Precisely because of its almost accidental origins, the story of British computer games is exciting and sometimes messy, but ultimately a picture of success. The innovators who emerged at the
dawn of the Thatcher years continued to shape the industry for decades, and many are still making major contributions today, whether by designing new games, or through their efforts to perpetuate
the legacy of that early, anarchic programming culture.
Tomb Raider
and
Grand Theft Auto
may be the two most recognised British brands, but they are part of a rich lineage. This
book explores that heritage, and attempts to explain why British soil proved so fertile for the growth of gaming. It is a celebration of have-a-go amateurism, brilliant talent and left-field
creativity that have enriched computer games all around the world.
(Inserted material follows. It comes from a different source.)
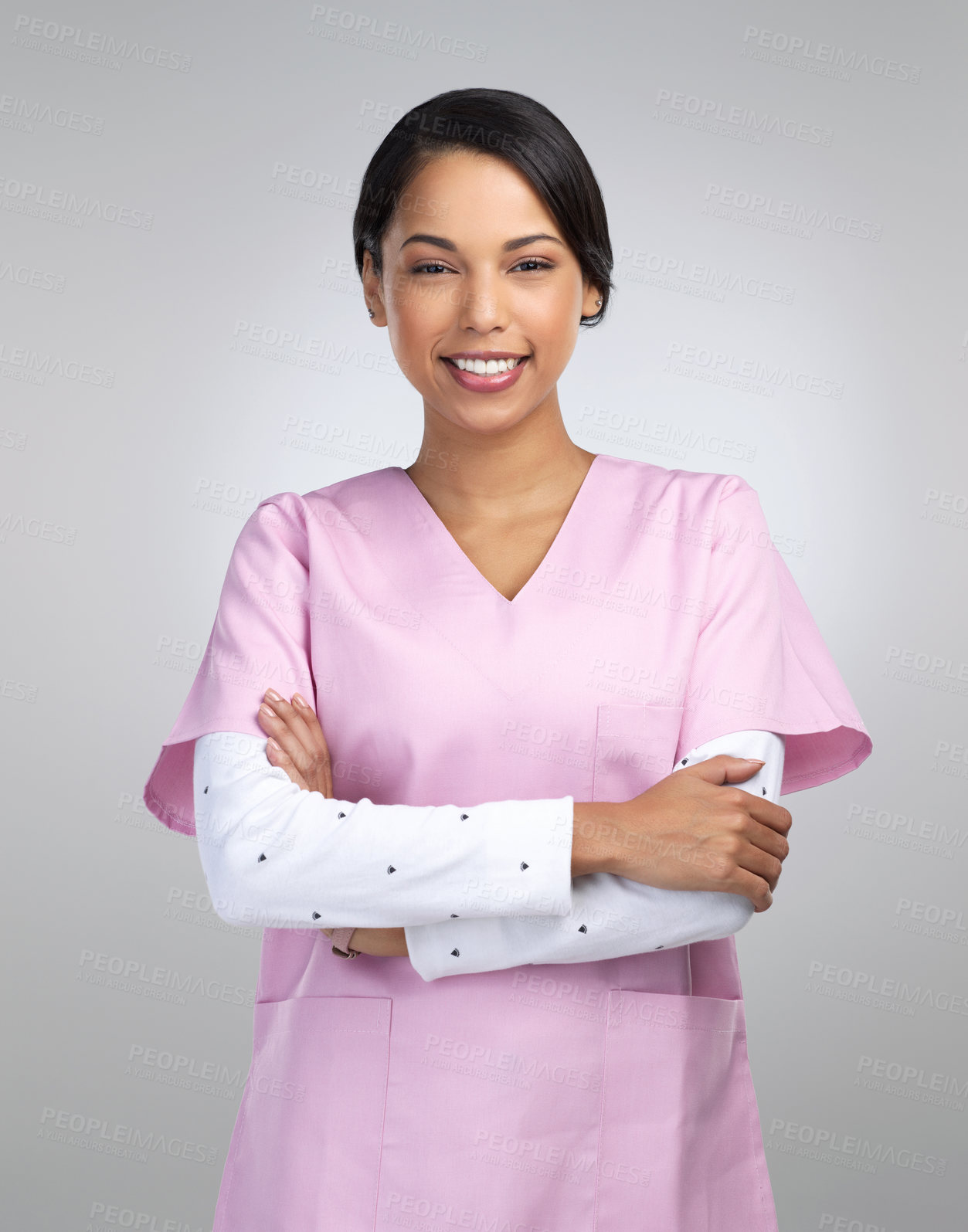 Buy stock photo Cropped portrait of an attractive young female healthcare worker standing with her arms crossed in studio against a grey background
For the story ahead takes place not just in British bedrooms, but also in Japanese boardrooms, American courtrooms and the bombed-out wreckage of the Grand Hotel in Brighton. However, its first
location is 1970s Essex, as a pair of undergraduates set out to challenge British prejudices in a virtual world, and inadvertently create one of gaming’s most popular and enduring genres.

1
Emerging from the MUD

If Richard Bartle had done better in his A-level maths, a genre of computer games worth billions of dollars, one which has created new industries and even economies, and which
has changed countless peoples’ lives around the world, might have been very different.

The games are Massively Multiplayer Online Role-Playing Games, known more commonly and awkwardly by their initials: MMORPGs. They are set in fantastic worlds entirely invented by games-makers,
brought into being on internet servers, and inhabited by outlandish characters controlled by players who could be anywhere in the world. Although no one is sure quite how much money the games make,
one recent report estimated that players’ monthly subscriptions bring in nearly three billion dollars each year, with billions more earned through the voracious ‘virtual’
economies and murky black markets that have grown up around them.

As with so many computer game genres, the origins of the MMORPG are far more humble. Their ultimate ancestor was born in a British university, made by Bartle and his friend Roy Trubshaw from a
marriage of ingenuity and idealism, created quite literally on borrowed time. It’s called the Multi-User Dungeon, and so bears a more modest acronym:
MUD
.

Without
MUD
, something like a MMORPG would have emerged eventually, but in a different shape, and probably not nearly as quickly, or as quirkily. And whoever made it would almost
certainly not have designed it – as Bartle and Trubshaw did – as a reaction to the British class system.

There wasn’t much for a growing boy to do for entertainment in the seventies. Britain had three television channels, showing programmes that
needed to be seen on broadcast, or were missed forever, and its film industry was moribund. Music came on vinyl and was expensive, taping from the radio had barely started, and the live scenes in
some distant city would make little impact from one day to the next in a small town. Children had plenty of time for all-consuming hobbies – time that today might be filled with computer
games.

But back then there were almost no computer games. The first of the video game consoles, the Videomaster Home T.V. Game, appeared in 1974. But these machines were rare and simplistic – an
electronic gimmick to reproduce bat-and-ball games on a television. Genuine computing power was only to be found in the distant halls of select universities, a world away from a child’s
bedroom.

Richard Bartle grew up in a council house in the Humberside town of Hornsea. His father was a gas fitter, his mother cooked school meals, and he attended the local school. His dad was a board
game enthusiast who encouraged his sons to be the same – he held a family match each Sunday, and would never turn down a request to play. From an early age Bartle was immersed in gaming and
was already learning the principles of game design.